The next time I am at my brothers I will take a picture of his cats feet and you can see what it can do to them. I am thinking the vet that did it really screwed up.


----------



## [email protected] (May 10, 2004)

hello, oh i feel so sorry for you! This must be breaking your heart thinking about giving little Enzo away! What will you do with Enzo? I know you've only been her mummy since saturday so will the previous owner have her back?


----------



## chi_lover (Nov 16, 2005)

enzo is the cat lol sophie is my chi the breeder kept her to breed and show but her mum didnt like her and had to sell her hence why she is 6 months old


----------



## [email protected] (May 10, 2004)

ooops sorry! oh its such a sad story! I really dont have any suggestions. What will you do with her if you have to give her up?


----------



## Fibi's Mommy (Nov 28, 2005)

Possible Solution!!???!!!...
Okay, when I got Fibi, my big dog was too rough with her. This is what I did: When we were at home, I kept her up on my desk all the time. I put her bed and her food right next to her and she loved it. She still got plenty of out and about time, because I take her with me everywhere. PLUS, I felt that this really helped with her potty training because she would not go potty in her bed. And she was never on the floor without my close supervision to make an accident. Some people might say this isn't good, but it worked very very very well for Fibi and has not altered her personality or habits in any way. To me, it was the process of prevention. The only slight problem I had to break her of was being territorial of her food because she wasn't used to having anyone share food with her. However, once I saw that she was being a little territorial, I made it a point to be near her and pet her while she ate so she would get used to the fact that having someone around while eating didn't mean her food was going to be stolen! LOL!

*I also took her to work with me. Well, the other lady I worked with decided to get a male pom puppy. Well, she didn't like the idea of putting a baby gate up to keep them in the room with us, so I kept Fibi on my desk in her bag (which is her bed, by the way! She loves her extensive collection of bagsssssss). That way, I had control over where she went and she COULDN'T slip away and get out of my site. By the way, Fibi is very well potty trained to go outside at all times and the other lady's dog is still not potty trained...not even for wee wee pads. In my experience, setting boundaries for them is a very good thing.

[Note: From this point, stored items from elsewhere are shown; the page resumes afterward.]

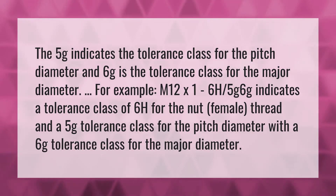The 5g indicates the tolerance class for the pitch diameter and 6g is the tolerance class for the major diameter. For example, M12×1.6H 5g 6g indicates a tolerance class of 6H for the nut (female thread), and a 5g tolerance class for the pitch diameter with a 6g tolerance class for the major diameter.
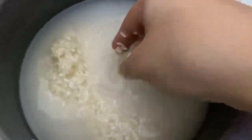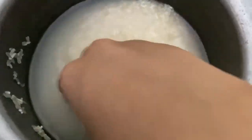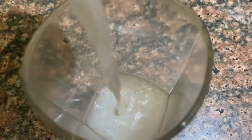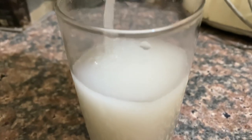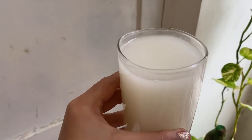After soaking it for 30 minutes, you can see the color of the water changes — it's a milky white color. Now I'm going to transfer it and strain it into a glass. You can strain it into a bottle, a jar, a glass, or anything. Can you see how milky white and fresh it is? This is amazing for skin and hair.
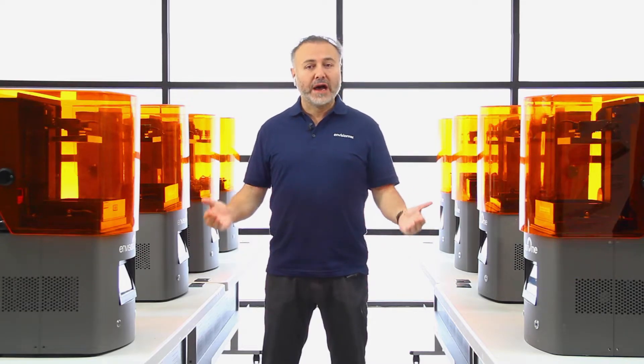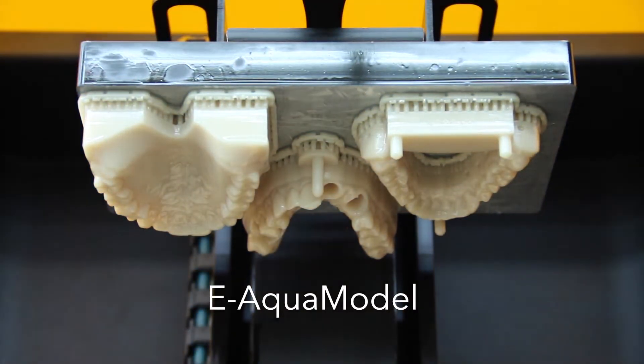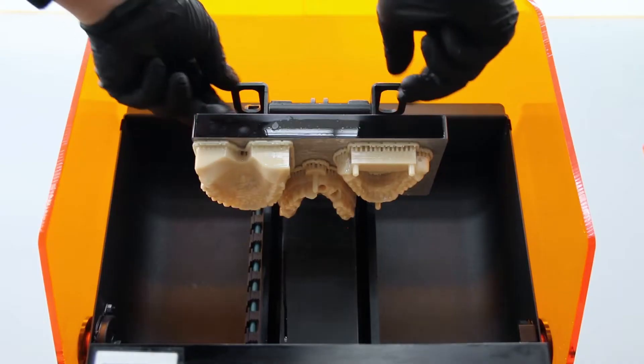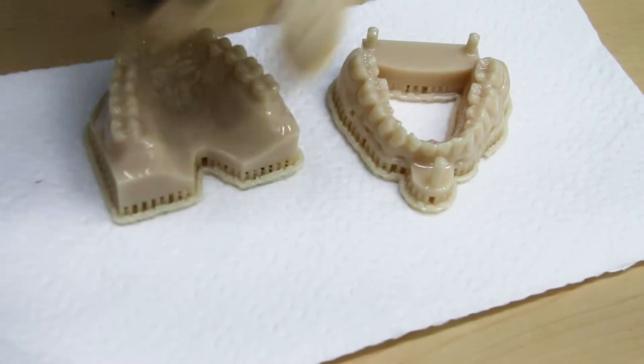At EnvisionTech, we are proud of our commitment to delivering green solutions in 3D printing. The E-AQUO model is our entry into what we call the 21st century digital dentistry solutions that will make the earth greener and safer.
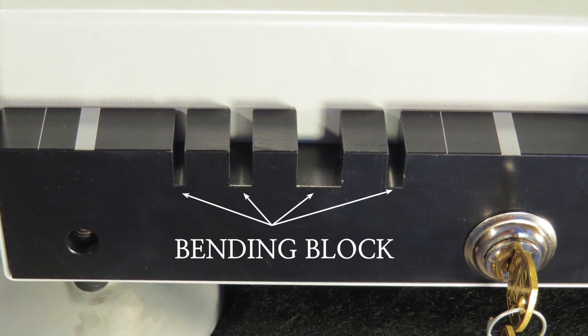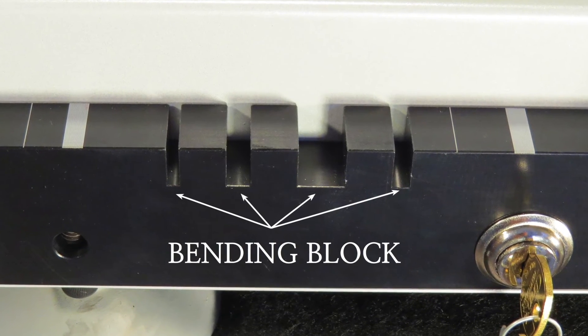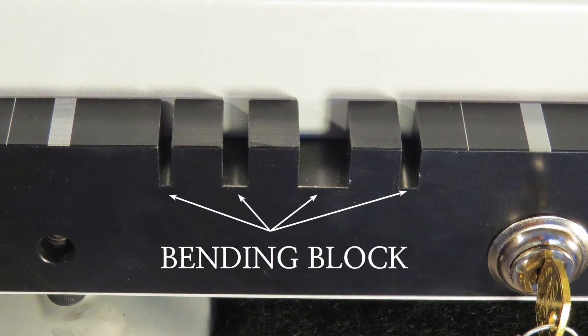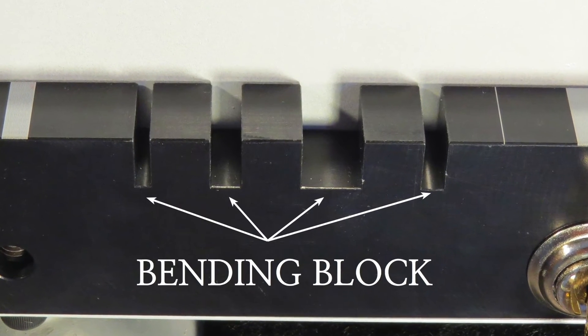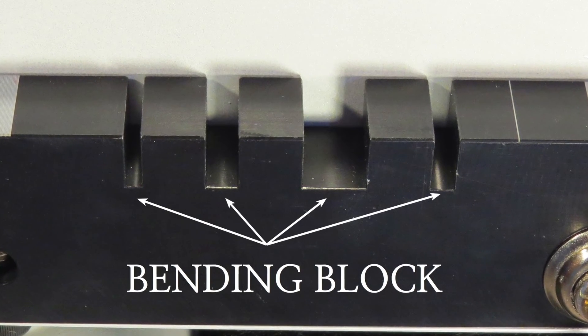Bending Block: The bending block is used to hold the surgical instruments firmly while opposing pressure is applied to the instrument so that it may be bent to its correct position. It has several slots that are different sizes to accommodate different bending needs.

*When Fibi was a puppy, I also got a cheap baby playpen and put her bedding and toys in it, so that she couldn't sneak away.

*Now that I work from home (by myself), I keep her in the office with me with the baby gate up so she can't go anywhere except in this room. She is never out of my sight. She has free roam of the room I'm in and she tells me when she wants to go outside.

*I would suggest that you keep your chi baby in the room with you and in your site at all times. Invest in a baby gate (you can get them at Walmart for $15) so that the puppy can't sneak off. AND if you want further protection, get a front carrier so that she is on you at all times and the cat cannot get to her. At least until she is a little bit older and can stand her ground against the cat.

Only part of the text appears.